When We Grieve for a Pet
On Monday, my best friend died. He had four legs, a brindle coat, and in his prime could run like the wind.
His name was Ryker, our dog, a whippet we had for 14 years, my constant companion. True to his whippet nature, he always had to beat me up and down the stairs. Wherever I was, he wanted to be. For a decade and more he was at my side as I labored into the night crafting my sermons. He encouraged me to take walks and helped me make friends with neighbors. Whenever I came home, his welcome calmed and cheered me, no matter how arduous the day had been. He was beautiful. I never tired of looking at him.
It hurts so much to lose him.
I would never equate the grief we experience in the loss of human life to what we experience when we lose an animal. Yet the grief we feel for our pets can be severe. God has hardwired us to make that so.

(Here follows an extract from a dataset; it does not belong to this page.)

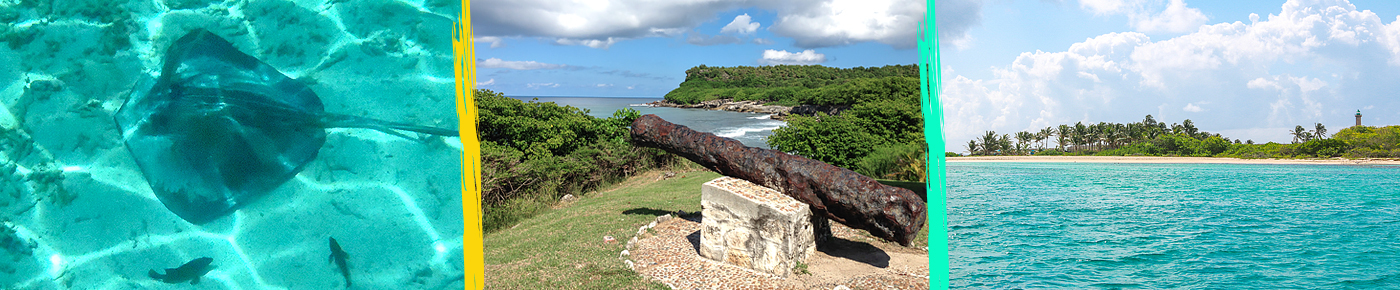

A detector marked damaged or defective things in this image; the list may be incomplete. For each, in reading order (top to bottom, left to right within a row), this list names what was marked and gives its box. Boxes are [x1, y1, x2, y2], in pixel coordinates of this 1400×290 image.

God found joy in creating the animals. Genesis 1:25 makes that clear: “God made the beasts of the earth according to their kinds and the livestock according to their kinds, and everything that creeps on the ground according to its kind.” Here comes the joy of God – “And God saw that it was good.” God didn’t need to populate his creation with the animals. But he did so for the sheer joy of it, no doubt intending that we would experience that same joy. And so we do.
God cares about the well-being of the animals. In the wonderful, unexpected ending to the Book of Jonah, God says, “And should not I pity Nineveh, that great city, in which there are more than 120,000 persons who do not know their right hand from their left, and also much cattle?” (Jonah 4:12). Join that to Genesis 1:26: “Have dominion over the fish of the sea and over the birds of the heavens and over every living thing that moves on the earth.” God commissioned us to care about the animals just as he does. And so we do.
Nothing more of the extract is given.